Merging DataFrames in Pandas: Methods and Use Cases
Concatenation with pd.concat
Use pd.concat to stack multiple DataFrames vertically or horizontally. Its suitable for simple aggregation of datasets along an axis.
import pandas as pd
# Sample data sets
data_primary = pd.DataFrame({
'identifier': ['X', 'Y', 'Z'],
'metric_A': [10, 20, 30]
})
data_secondary = pd.DataFrame({
'identifier': ['Y', 'Z', 'W'],
'metric_B': [40, 50, 60]
})
# Stack vertically (row-wise)
stacked_rows = pd.concat([data_primary, data_secondary], axis=0)
# Combine horizontally (column-wise)
combined_cols = pd.concat([data_primary, data_secondary], axis=1)
Relational Merge with pd.merge
Perform SQL-like joins between DataFrames using pd.merge. This method combines datasets based on common columns or indices.
# Merge on a single common key
merged_inner = pd.merge(data_primary, data_secondary, on='identifier')
# Merge on different keys
merged_diff_keys = pd.merge(data_primary, data_secondary, left_on='identifier', right_on='identifier')
Join Types
Control the merged dataset's composition with the how parameter.
- Inner Join: Keeps rows with matching keys in both DataFrames.

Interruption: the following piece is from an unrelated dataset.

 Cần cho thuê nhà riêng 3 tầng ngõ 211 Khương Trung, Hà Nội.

- Outer Join: Retains all rows from both DataFrames, filling gaps with NaN.
- Left Join: Preserves all rows from the left DataFrame, adding matching data from the right.
- Right Join: Preserves all rows from the right DataFrame, adding matching data from the left.
# Inner join
inner_result = pd.merge(data_primary, data_secondary, on='identifier', how='inner')
# Outer join
outer_result = pd.merge(data_primary, data_secondary, on='identifier', how='outer')
# Left join
left_result = pd.merge(data_primary, data_secondary, on='identifier', how='left')
# Right join
right_result = pd.merge(data_primary, data_secondary, on='identifier', how='right')

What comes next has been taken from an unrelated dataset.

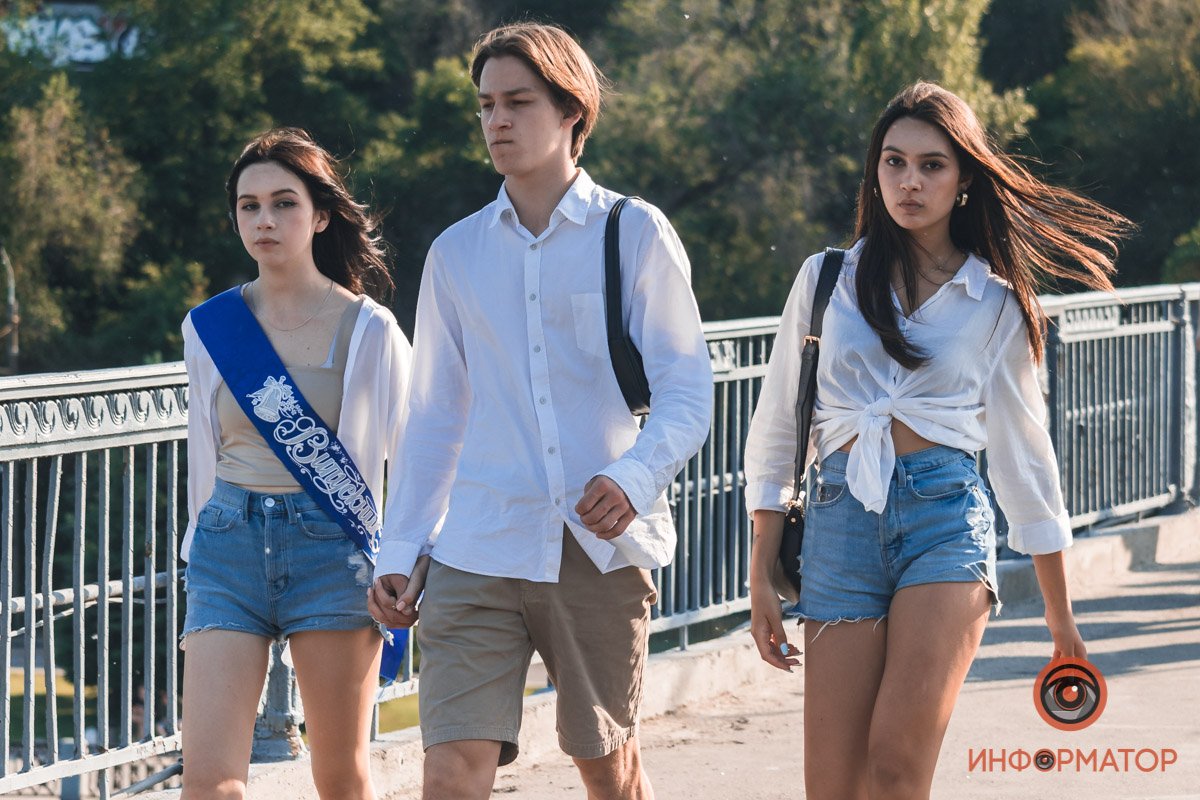 Идут на пляж Идут на пляж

Index-based Combination with DataFrame.join
The join method combines DataFrames primarily using their indices. It is efficient for appending a smaller DataFrame's columns to a larger one.
# Set a common key as the index
indexed_primary = data_primary.set_index('identifier')
indexed_secondary = data_secondary.set_index('identifier')
# Join on index
joined_index = indexed_primary.join(indexed_secondary, how='inner')
Appending Rows with DataFrame.append
The append method adds the rows of one DataFrame to the end of another. Note that this method is deprecated in recent pandas versions in favor of pd.concat.
# Append rows
appended_data = data_primary.append(data_secondary, ignore_index=True)